*** Begin section ***

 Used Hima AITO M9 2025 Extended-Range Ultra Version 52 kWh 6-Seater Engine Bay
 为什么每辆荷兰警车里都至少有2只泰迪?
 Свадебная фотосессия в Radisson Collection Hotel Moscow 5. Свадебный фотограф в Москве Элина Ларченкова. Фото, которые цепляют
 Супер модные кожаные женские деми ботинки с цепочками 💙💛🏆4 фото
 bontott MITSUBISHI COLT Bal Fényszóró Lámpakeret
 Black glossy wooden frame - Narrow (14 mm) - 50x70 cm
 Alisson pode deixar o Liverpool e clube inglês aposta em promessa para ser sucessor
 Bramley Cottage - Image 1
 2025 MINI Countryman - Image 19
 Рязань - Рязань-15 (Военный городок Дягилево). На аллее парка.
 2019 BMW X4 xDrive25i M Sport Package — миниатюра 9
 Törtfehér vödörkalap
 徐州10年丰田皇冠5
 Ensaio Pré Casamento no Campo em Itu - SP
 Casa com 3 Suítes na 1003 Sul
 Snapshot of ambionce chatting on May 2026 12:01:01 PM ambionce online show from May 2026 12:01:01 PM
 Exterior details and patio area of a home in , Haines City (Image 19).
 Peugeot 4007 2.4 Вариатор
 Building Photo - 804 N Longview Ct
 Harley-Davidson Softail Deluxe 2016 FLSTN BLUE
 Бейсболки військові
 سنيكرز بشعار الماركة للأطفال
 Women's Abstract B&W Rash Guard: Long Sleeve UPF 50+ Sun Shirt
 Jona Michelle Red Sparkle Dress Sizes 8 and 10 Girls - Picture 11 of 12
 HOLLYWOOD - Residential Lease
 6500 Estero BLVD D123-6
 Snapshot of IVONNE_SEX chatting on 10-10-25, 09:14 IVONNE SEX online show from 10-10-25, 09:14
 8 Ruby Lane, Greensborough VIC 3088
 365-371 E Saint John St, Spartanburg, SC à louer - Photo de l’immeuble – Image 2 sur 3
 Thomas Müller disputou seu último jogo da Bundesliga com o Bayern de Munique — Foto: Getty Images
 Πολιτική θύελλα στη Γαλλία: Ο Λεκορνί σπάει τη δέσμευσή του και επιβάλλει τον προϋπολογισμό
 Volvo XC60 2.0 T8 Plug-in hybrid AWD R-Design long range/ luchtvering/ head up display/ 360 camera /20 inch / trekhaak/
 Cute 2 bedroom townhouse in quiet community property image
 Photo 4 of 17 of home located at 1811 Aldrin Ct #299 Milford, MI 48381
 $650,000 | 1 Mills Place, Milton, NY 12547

*** End section ***

WHAT THE TASK REQUIRES
Output nothing but the line containing "Cute 2 bedroom" and each line after it in the entries above, exactly as written.

SOLUTION TO THE PROBLEM
 Cute 2 bedroom townhouse in quiet community property image
 Photo 4 of 17 of home located at 1811 Aldrin Ct #299 Milford, MI 48381
 $650,000 | 1 Mills Place, Milton, NY 12547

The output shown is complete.